_EXERCISE REQUIREMENTS_
Set down only these lines, exactly: the line containing "Chargeur rapide USB C 25W sans fil Samsung" and all lines through the end of the data below. Omit pictures.

_DATASET CONTENT_
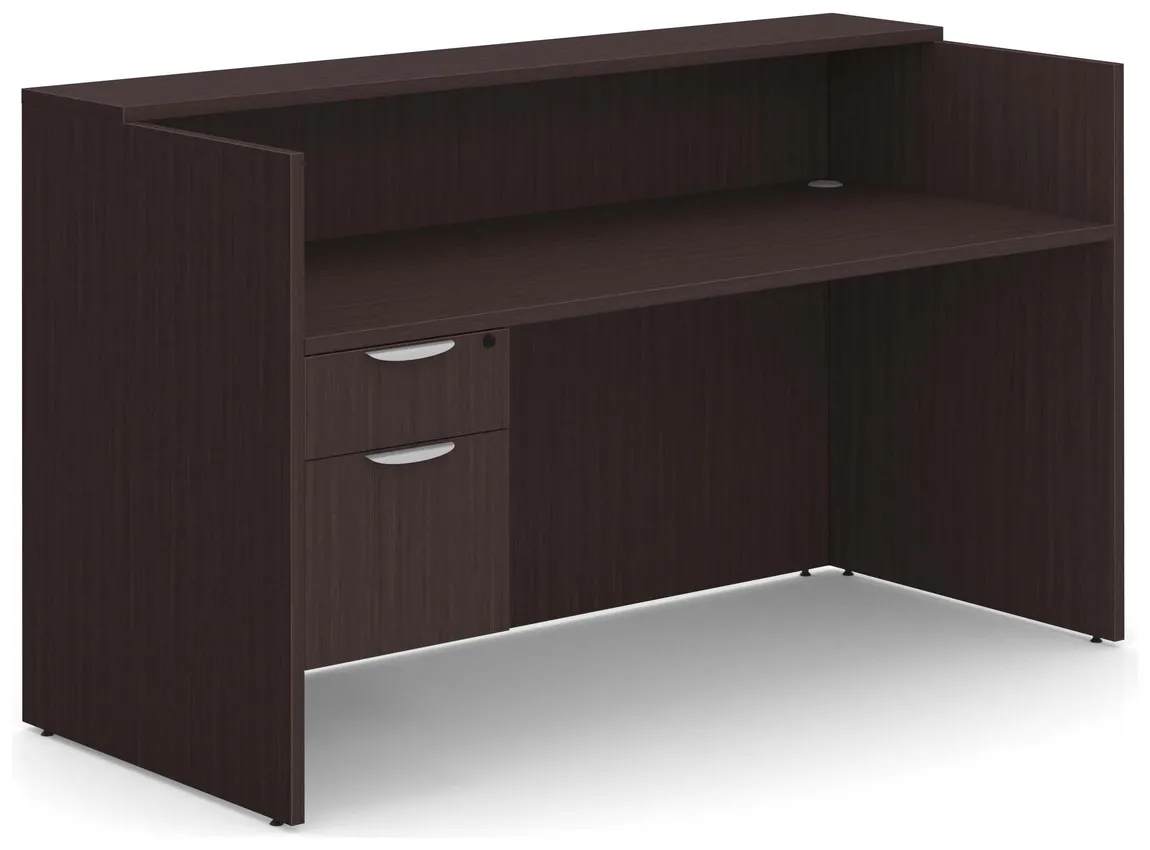 Reception Desk with Counter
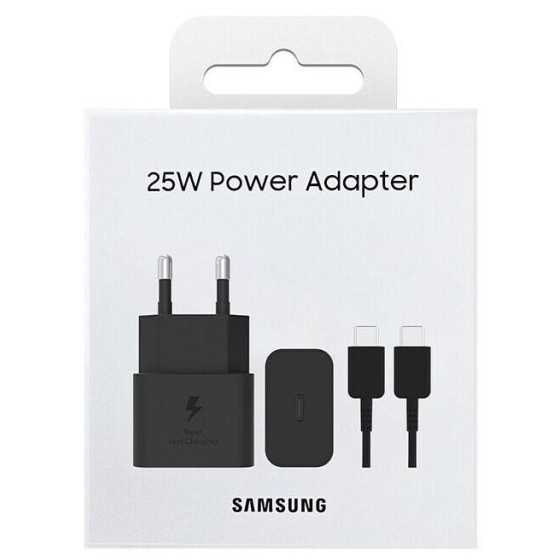 Chargeur rapide USB C 25W sans fil Samsung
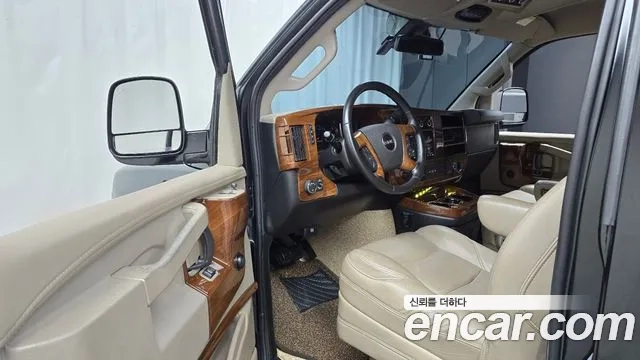 GMC Savana 2020 Черный из Кореи, фото 2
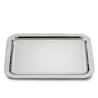SILVER RECTANGULAR TRAY CM 48 MOD. CARDINALE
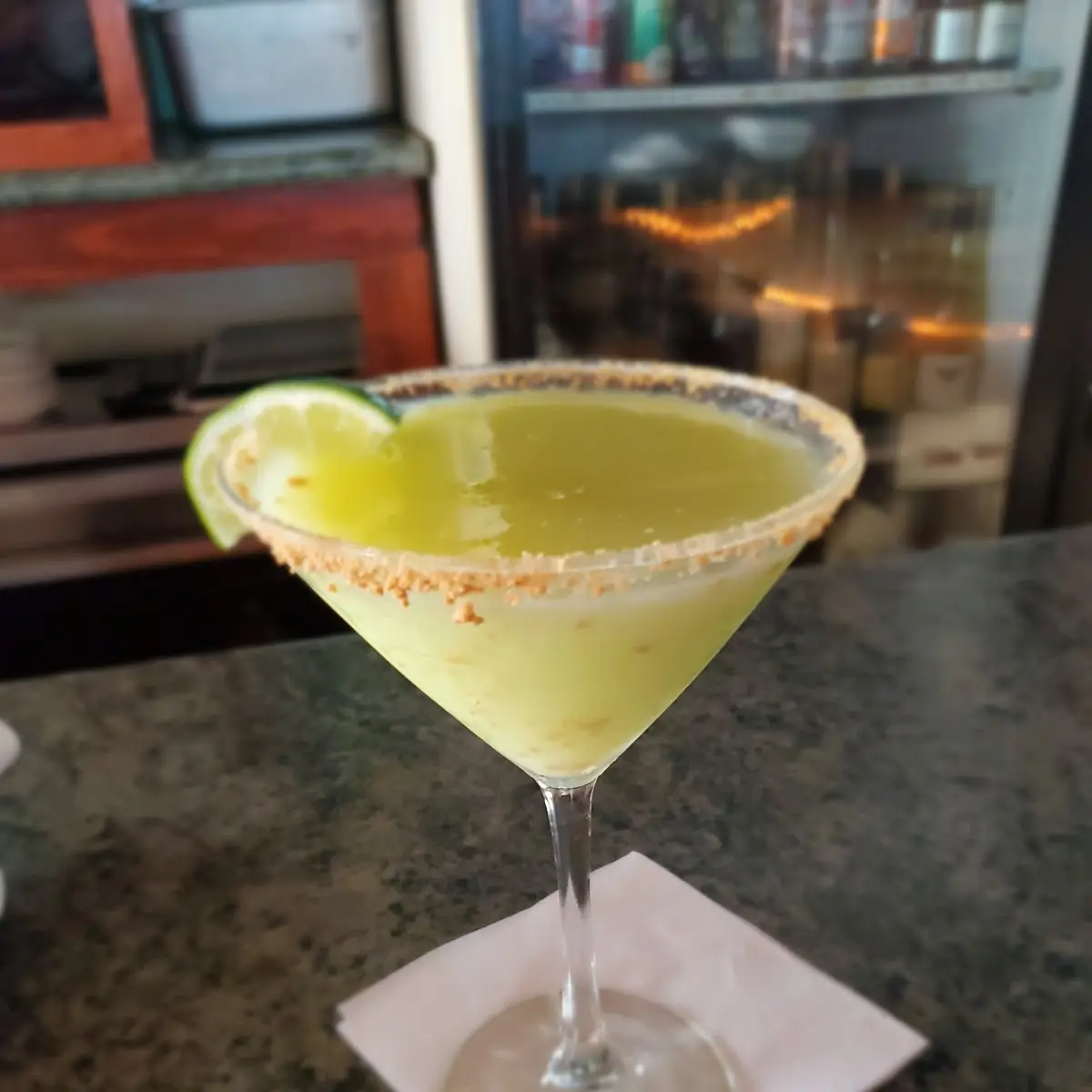 Key Lime Pie Martini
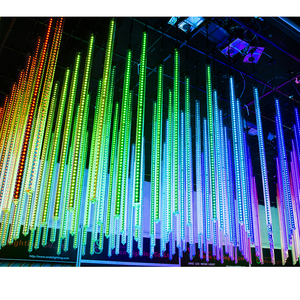 Giáng sinh trang trí IP65 ngoài trời sử dụng cảnh quan RGB DMX 512 tuyết rơi mưa sao băng ánh sáng - Product Image 1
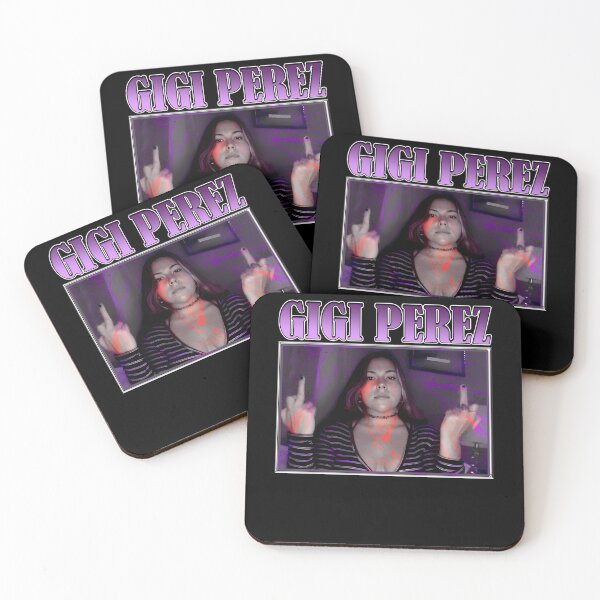 Item preview, G.igi Pe.rez Inspired Poetic Singer Songwriter Graphic Design designed and sold by AndersonEthan.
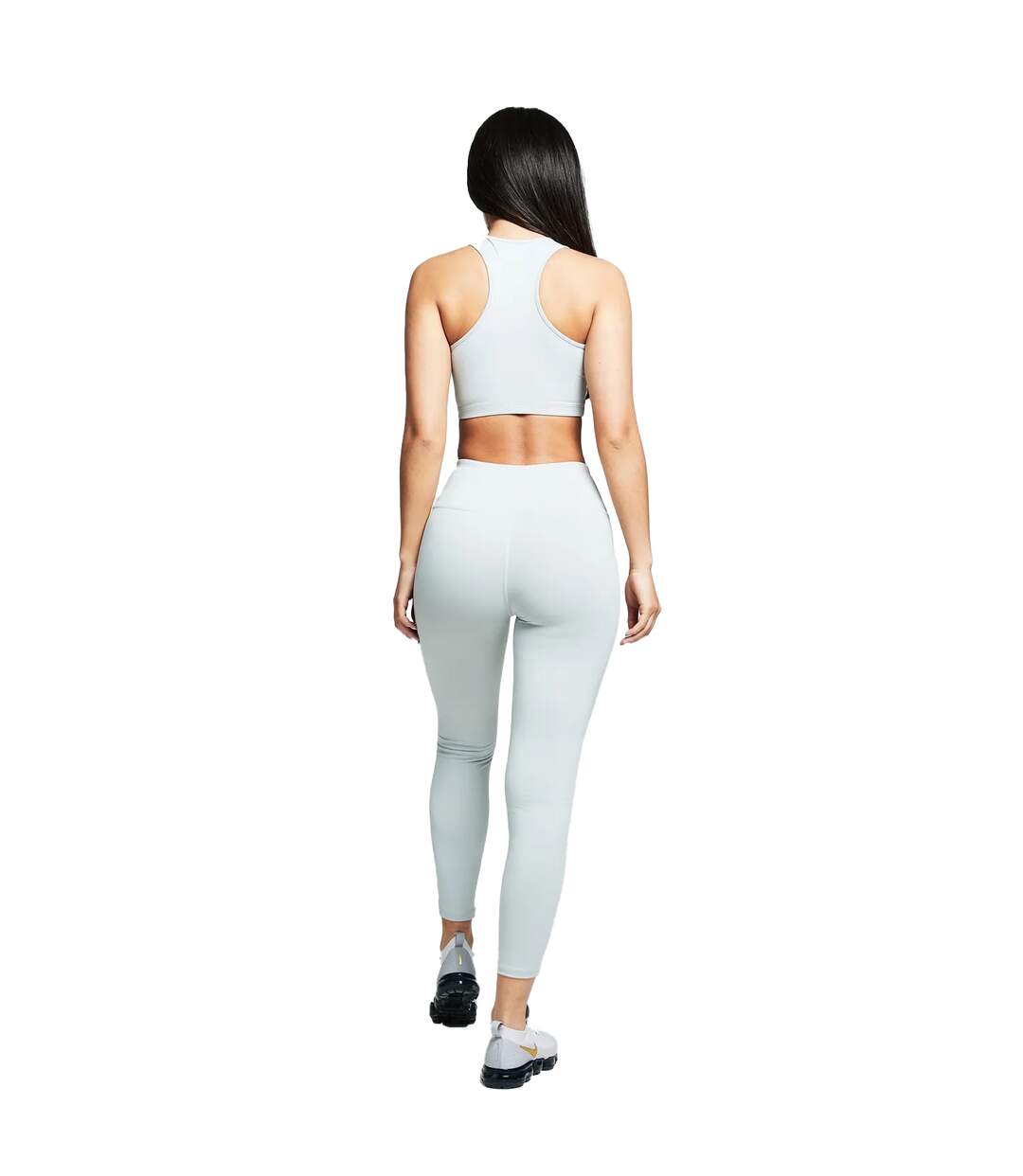Brassière essentials femme charbon SikSilk-2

_RESPONSE TO THE EXERCISE_
 Chargeur rapide USB C 25W sans fil Samsung
 GMC Savana 2020 Черный из Кореи, фото 2
SILVER RECTANGULAR TRAY CM 48 MOD. CARDINALE
 Key Lime Pie Martini
 Giáng sinh trang trí IP65 ngoài trời sử dụng cảnh quan RGB DMX 512 tuyết rơi mưa sao băng ánh sáng - Product Image 1
 Item preview, G.igi Pe.rez Inspired Poetic Singer Songwriter Graphic Design designed and sold by AndersonEthan.
Brassière essentials femme charbon SikSilk-2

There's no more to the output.